▸ Exercise brief: Please print the full listing exactly.

(Data for the task Opens)

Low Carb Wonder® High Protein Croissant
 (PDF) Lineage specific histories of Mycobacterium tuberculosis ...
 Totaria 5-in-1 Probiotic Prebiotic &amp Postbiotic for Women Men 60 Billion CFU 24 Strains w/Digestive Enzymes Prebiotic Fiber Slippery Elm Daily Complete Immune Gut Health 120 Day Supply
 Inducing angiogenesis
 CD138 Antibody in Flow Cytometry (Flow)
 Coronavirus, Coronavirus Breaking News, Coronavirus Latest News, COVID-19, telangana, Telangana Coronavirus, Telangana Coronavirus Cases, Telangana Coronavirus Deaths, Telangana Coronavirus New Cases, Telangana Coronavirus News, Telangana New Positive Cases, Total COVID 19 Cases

(Data for the task Closes)

▸ Solution to this problem:
Low Carb Wonder® High Protein Croissant
 (PDF) Lineage specific histories of Mycobacterium tuberculosis ...
 Totaria 5-in-1 Probiotic Prebiotic &amp Postbiotic for Women Men 60 Billion CFU 24 Strains w/Digestive Enzymes Prebiotic Fiber Slippery Elm Daily Complete Immune Gut Health 120 Day Supply
 Inducing angiogenesis
 CD138 Antibody in Flow Cytometry (Flow)
 Coronavirus, Coronavirus Breaking News, Coronavirus Latest News, COVID-19, telangana, Telangana Coronavirus, Telangana Coronavirus Cases, Telangana Coronavirus Deaths, Telangana Coronavirus New Cases, Telangana Coronavirus News, Telangana New Positive Cases, Total COVID 19 Cases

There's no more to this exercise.